Regional Planning Commission opts not to change pipeline endorsement
MIDDLEBURY — The Addison County Regional Planning Commission (ACRPC) on Wednesday, June 11, narrowly rejected a request from the town of Cornwall that the panel rescind its earlier vote indicating a majority opinion that Vermont Gas’s proposed Phase II pipeline could comply with the county’s regional plan.
It was on April 9 that the ACRPC board voted 15-11 that the proposed natural gas pipeline from Middlebury to Ticonderoga, N.Y., could pass muster with the Addison County Regional Plan. The board took the vote in light of the Vermont Public Service Board’s ongoing review of the pipeline plan, which would also flow through the towns of Cornwall and Shoreham and under Lake Champlain on its way to the International Paper mill.
Cornwall’s ACRPC delegation of Holly Noordsy, Jim Duclos and alternates Stan Grzyb and Colin Kriwox introduced the motion to rescind the April 9 vote on behalf of their local selectboard.
On Wednesday, the board voted 13-10 against the motion.
“I was pleased that the motion got to the floor in spite of spirited efforts to block the vote by any means possible,” Noordsy said in an email Friday morning. “I was of course disappointed that the motion did not pass but the very close 13-10 result again showed a commission sharply divided.”
The pipeline plan has drawn heavy opposition from affected property owners, environmentalists and various town officials. The communities of Cornwall and Shoreham both passed Town Meeting Day resolutions opposing the $70 million project, which would be underwritten by IP.
Opponents have pointed to the energy section of the Addison County Regional Plan, which takes a position against the construction or expansion of “large-scale energy or transmission facilities” that serve the primary purpose of funneling energy to markets outside of the Addison region. Opponents have also argued that Ticonderoga, N.Y., should not be considered part of the “Addison region.”
But a slight majority of ACRPC board members on April 9 said they believed the Addison region extends beyond the county’s borders. Proponents also contended that the county should not oppose a project that would offer lower-cost natural gas to Addison County businesses and homes; a few homes in Cornwall and Shoreham may be able to tap into the pipeline.
Cornwall’s motion drew substantive debate for quite awhile at the June 11 ACRPC meeting. Adam Lougee, executive director of the ACRPC, said board members on both sides were given an opportunity to speak before the closely drawn vote.
Noordsy gave her reflections on the reasons for the split on the commission.

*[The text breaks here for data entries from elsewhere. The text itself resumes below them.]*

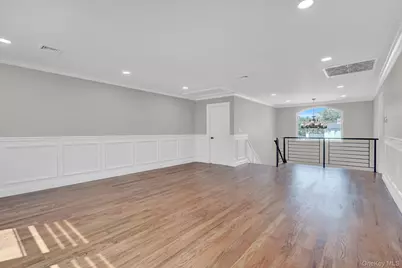 129 Tardy Lane S, Wantagh, NY 11793 - Photo 20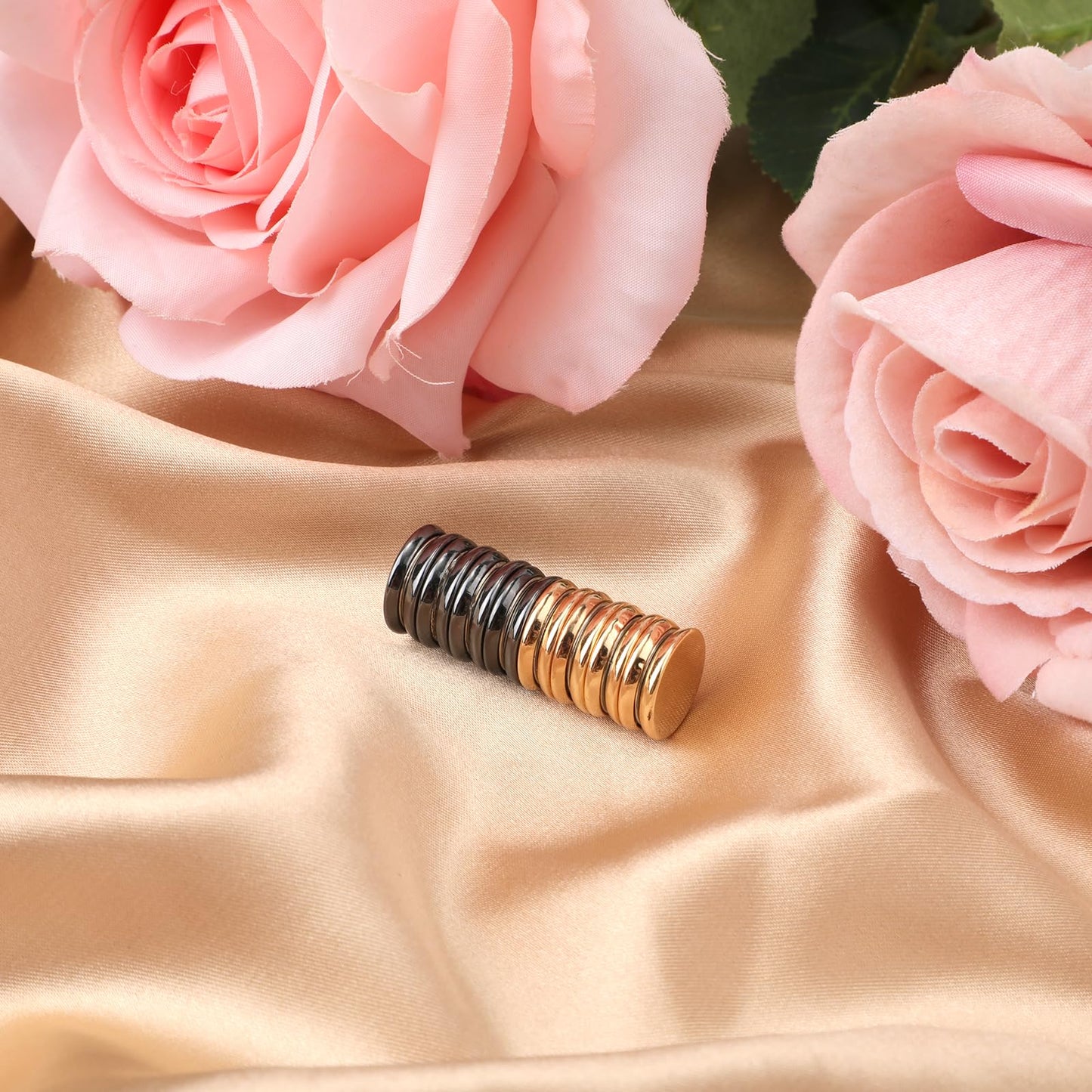 8pcs Hijab Magnetic Pins, Multi-Purpose Magnetic Scarf Clip no Snag Hijab Magnets Scarf Magnetic Clasp Strong Magnetic Hijab Pins Pinless Brooch for Women Clothes (Gold, Black)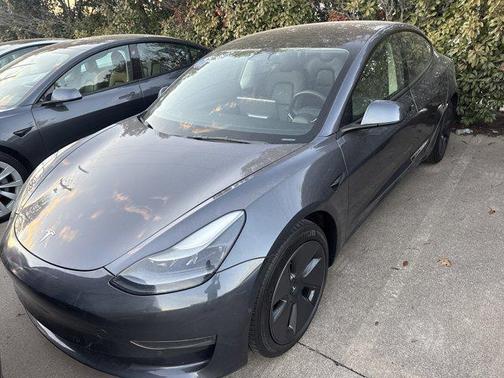 2022 Tesla Model 3 Standard Range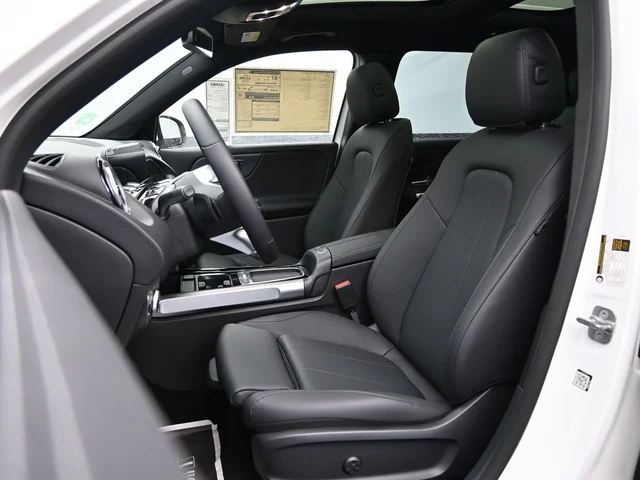 Nuevos MERCEDES-BENZ EQB à Estados chez autogozo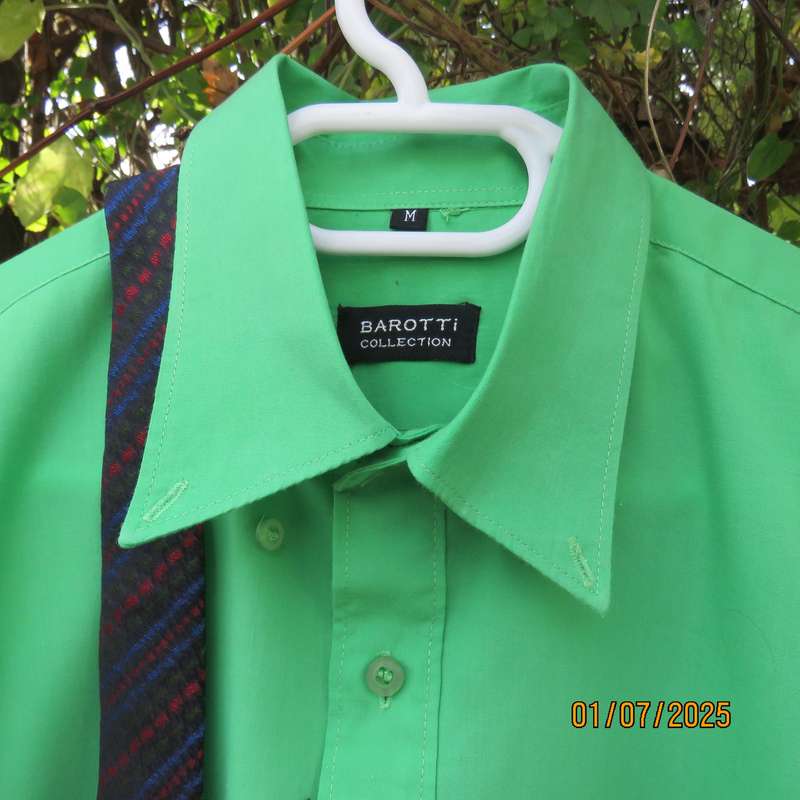 BAROTTI kelly green polycotton long sleeve men's size medium shirt. Free neck tie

“Most concerning … is the continued inability or unwillingness of some delegates to distinguish between Phase I and Phase II of the project and the lingering misconception that the vote was somehow about whether a given delegate ‘supported’ the project,” she wrote. “Delegates were not charged to vote on support or non-support but rather to determine whether or not the Phase II project conforms to the regional plan, which I believe it clearly does not.”